D’ici quelques années, selon la présidente de la BCE Christine Lagarde, l’euro numérique entrera en vigueur. Nous avons cette possibilité à partir de 2028. De quoi s'agit-il ? La certitude qui a choisi le nouveau va ici révolutionner une fois de plus la relation entre les Italiens et l’argent. En revanche, ce n'est pas la première fois. Et il n'y aura plus de la dernière.
Si l'on y réfléchit, au cours des 80 dernières années – donc une période assez proche, dont un baby-boomer comme l'écrivain, mais aussi la génération « silencieuse » qui le précède, comme « X » et les Millennials qui le suivent, conservant des souvenirs et des témoignages – la monnaie que nous avons utilisée a changé à plusieurs reprises. Ce ne sont ni avant 1946 ni quelques centimes ; les baby-boomers, les lires ; en 1980, certains avant et après, quelques centimes en avance, cette fois en euros. Il est donc possible que la génération contemporaine (qui se fait appeler Alfa), les enfants d'ici en 2028 âgés de 18 ans et plus, soit impliquée dans un nouveau changement. Dont les contours sessinent déjà : l'euro numérique, en fait.
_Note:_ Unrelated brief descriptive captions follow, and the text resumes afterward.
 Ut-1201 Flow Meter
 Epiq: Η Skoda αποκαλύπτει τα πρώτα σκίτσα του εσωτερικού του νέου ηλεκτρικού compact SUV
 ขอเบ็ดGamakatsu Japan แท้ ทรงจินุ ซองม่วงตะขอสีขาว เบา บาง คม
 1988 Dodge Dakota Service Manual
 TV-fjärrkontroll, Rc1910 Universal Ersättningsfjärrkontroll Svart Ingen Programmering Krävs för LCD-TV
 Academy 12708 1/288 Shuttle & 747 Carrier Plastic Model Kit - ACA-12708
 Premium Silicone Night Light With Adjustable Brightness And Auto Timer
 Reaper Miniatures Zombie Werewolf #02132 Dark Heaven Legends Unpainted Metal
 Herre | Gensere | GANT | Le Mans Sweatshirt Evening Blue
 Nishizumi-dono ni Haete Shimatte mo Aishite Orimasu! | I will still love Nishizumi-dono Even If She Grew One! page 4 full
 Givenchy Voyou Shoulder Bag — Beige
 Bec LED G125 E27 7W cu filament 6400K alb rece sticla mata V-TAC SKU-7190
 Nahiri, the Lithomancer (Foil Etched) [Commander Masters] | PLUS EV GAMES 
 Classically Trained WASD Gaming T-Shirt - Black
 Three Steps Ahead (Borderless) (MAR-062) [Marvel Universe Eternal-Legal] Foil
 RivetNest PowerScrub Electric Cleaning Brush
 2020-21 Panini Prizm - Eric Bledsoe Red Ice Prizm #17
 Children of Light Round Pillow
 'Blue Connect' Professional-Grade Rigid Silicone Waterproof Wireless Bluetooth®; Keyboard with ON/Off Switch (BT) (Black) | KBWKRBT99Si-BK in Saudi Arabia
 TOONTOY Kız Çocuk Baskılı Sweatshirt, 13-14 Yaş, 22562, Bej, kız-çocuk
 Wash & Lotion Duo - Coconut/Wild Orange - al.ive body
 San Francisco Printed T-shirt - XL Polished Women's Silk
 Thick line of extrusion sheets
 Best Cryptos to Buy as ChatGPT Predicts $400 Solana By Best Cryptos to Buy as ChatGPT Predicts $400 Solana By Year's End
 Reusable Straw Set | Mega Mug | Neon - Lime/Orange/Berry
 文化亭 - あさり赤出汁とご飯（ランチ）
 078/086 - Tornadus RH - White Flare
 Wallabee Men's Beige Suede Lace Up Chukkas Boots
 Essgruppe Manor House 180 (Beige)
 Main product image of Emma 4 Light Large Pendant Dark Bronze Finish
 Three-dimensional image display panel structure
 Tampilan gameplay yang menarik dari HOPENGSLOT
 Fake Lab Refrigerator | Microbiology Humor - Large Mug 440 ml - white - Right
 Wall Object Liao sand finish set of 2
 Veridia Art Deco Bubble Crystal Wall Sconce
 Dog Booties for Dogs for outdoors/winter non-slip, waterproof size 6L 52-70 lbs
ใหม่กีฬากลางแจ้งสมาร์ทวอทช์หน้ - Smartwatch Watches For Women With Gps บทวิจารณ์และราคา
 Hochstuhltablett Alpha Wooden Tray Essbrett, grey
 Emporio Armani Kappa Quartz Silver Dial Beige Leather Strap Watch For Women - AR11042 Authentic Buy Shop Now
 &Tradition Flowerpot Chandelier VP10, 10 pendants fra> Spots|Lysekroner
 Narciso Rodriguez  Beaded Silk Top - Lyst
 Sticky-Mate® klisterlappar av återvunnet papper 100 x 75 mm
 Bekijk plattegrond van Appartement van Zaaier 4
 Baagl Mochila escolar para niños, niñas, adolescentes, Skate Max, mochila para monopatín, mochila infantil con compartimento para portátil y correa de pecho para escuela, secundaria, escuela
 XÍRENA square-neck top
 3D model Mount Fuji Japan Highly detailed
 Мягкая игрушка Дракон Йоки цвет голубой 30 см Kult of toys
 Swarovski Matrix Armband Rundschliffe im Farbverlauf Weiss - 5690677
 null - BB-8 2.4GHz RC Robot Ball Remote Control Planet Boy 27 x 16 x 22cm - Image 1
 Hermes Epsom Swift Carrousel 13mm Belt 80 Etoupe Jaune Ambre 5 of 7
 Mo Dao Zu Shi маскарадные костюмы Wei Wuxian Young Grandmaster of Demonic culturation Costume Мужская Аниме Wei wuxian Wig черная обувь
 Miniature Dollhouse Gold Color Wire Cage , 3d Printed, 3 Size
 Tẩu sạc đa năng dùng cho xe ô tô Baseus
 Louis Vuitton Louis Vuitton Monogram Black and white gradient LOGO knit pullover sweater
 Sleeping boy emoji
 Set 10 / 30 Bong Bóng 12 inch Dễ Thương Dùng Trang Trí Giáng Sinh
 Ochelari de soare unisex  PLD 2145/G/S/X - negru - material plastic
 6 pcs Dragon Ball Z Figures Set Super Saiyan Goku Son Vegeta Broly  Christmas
Il s'agit bien entendu de la monnaie nationale, cellule frappée par la Banque Centrale, qui concerne 20 pays de la zone euro (bientôt 21 avec la Bulgarie). La monnaie officielle a la particularité unique – contrairement aux cryptomonnaies – d’avoir « cours légal » et dc pour garantir la valeur interne de celles qui sont les fluctuations d’autres quantités financières ou réelles. C'est la fonction qui satisfait par exemple les billets en euros. Eh bien, l'euro numérique équivaudra à des billettes et des pièces, mais au lieu d'une substance (papier ou métal), il sera dématérialisé. En d’autres termes, le son du « lundi numérique ». Il peut être utilisé comme argent liquide, mais aussi comme support pour smartphone, ainsi que comme support pour smartphone (accessoires tels que écrans ou lunettes inclus). Chacun de nous aura un « portefeuille numérique » à la banque, qui alimentera notre compte courant et sera utilisé pour transférer les euros de toutes les manières dont nous n'utilisons pas l'argent liquide traditionnel. Cette opération se fait sans aucun besoin (puisqu'il y a un logement contre de l'argent) et sans commission pour une personne (à l'inverse ce sera un grand succès). De plus, la technologie permet de changer et d'utiliser le même numéro d'euro sans réinitialisation. (Les partenaires technologiques sont désormais choisis pour cet effet).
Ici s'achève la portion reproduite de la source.